John’s educational loan payment is $1340 per month, and  Ringo’s is $960 each of the 12 months… Together they each write out checks $2300 per month… Their leftover income  lies around $6400 per month….  Two cars take out $1,000, their city view apartment takes $1300. their utilities $500.  Insurance $300,   What’s left?  $3,300 per month… That alone equals a family income close to $40,000 per year…  still not shabby.. so what’s the point?

 

Now take Mick and Keith Stone, a married couple from moneyed families.  They went though college and law school on parent’s money.  No bills… Mick or Mickie as she is commonly called, works at Morris and James up on the 16th floor of the WSFS building in international investment law.  She makes between $80 and $100 K per year. and so we will round that to $90,000… Her husband Keith, is an district attorney in Wilmington.  He makes $79,000 per year. Together their income is  $169, 000 and after tax their net is $109,000…. They have almost the same mandatory expenses as the Beatle family and after similar expenses, they have $5,600 per month… 
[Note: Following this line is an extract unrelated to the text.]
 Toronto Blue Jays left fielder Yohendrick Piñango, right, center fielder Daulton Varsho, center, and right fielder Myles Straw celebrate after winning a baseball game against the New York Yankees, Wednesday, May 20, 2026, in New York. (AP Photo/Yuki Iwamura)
The barristers Stones put $2,300 down each month into savings to buy a new house….  Over two years, they already have $55,200 saved up, and next year they seriously plan to house shop with a down payment of $82,800…  So what’s the point?

This battle of elites illustrates one thing; how our economy is not living to its full potential due to massive amounts of college loan debt.  These examples too rich for your blood?  Then drop the incomes down to the levels of the average professional; cut each person by $40,000 or $3333 per months… The first couple is flat broke.  The second couple still has $2200 left over to live on per month, but not enough to put into savings.  Their checking account rises and falls with spontaneous purchases. 
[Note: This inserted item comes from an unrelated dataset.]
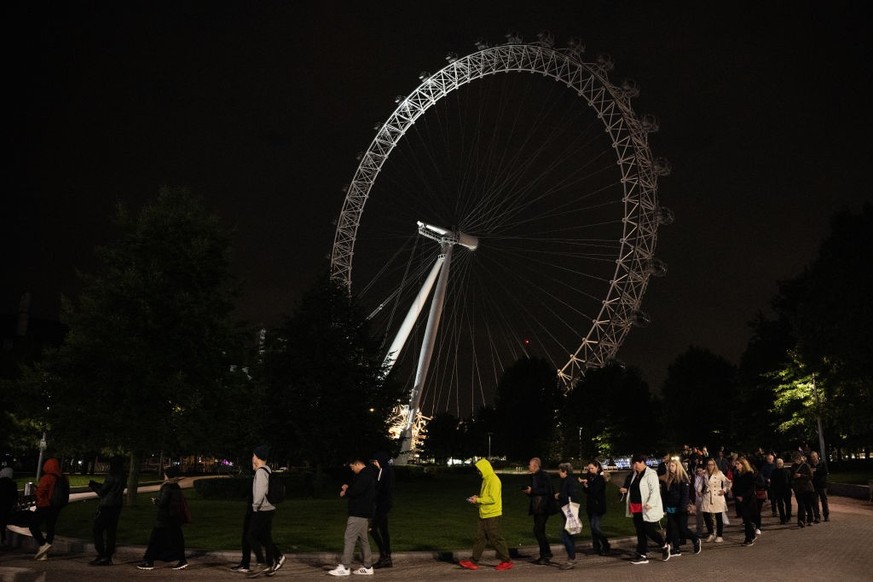 LONDON, ENGLAND - SEPTEMBER 15: Well-wishers stand in the queue by the London Eye for the Lying-in State of Queen Elizabeth II on September 15, 2022 in London, England. Queen Elizabeth II is lying in ...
Here is the real problem:  Track it over the 30 years length of the loans…. The Beatles have after 30 years, nothing.  The Stones after 30 years, have extra wealth strictly left over from salary, of $828,000 assuming they put it in a mattress. More likely it has grown by 7% per year… or $2.7 million…
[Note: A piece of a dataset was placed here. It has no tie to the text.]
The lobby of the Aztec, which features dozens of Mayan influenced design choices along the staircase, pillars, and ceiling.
College loans aggravate the inequality gap.  the only way to get rich in America is to come from rich parents… With everything exactly the same except for the payment of college loans, one couple has $2.7 million after 30 years… The other still living month to month… if one starts his professional career at age 25… one’s loan at 30 years termed, end when he is 55… Too late to start saving for retirement… 

The fix…. 

 

Here are the ways to close the inequality gap.

  • Forgive the loans
  • Forgive the interest
  • Tax the wealth

Options one and two are out.  Remember that most pension plans (some are still left) insurance funds, and stock options are in the entities holding these loans.   

Option 3, .. if that money was taxed on the last couple (The Stones)) but not on the first (The Beatles)  then, over a period of time, there would be equality when the loan payments finally ended…  One would not have an unfair advantage over the other.

Multiply this across the entire spectrum of students holding $1`trillion dollar in debt… a debt now too big to fail, and you get the picture of how our economy was mortgaged out to big banks long before young people could even afford traditional  mortgages…

If we simply taxed the second couple an additional $2300 sort of as an equivalent of the loan payment they currently didn’t have to make, then playing field would even out.  Only then, could the hope and promise of America then return. . 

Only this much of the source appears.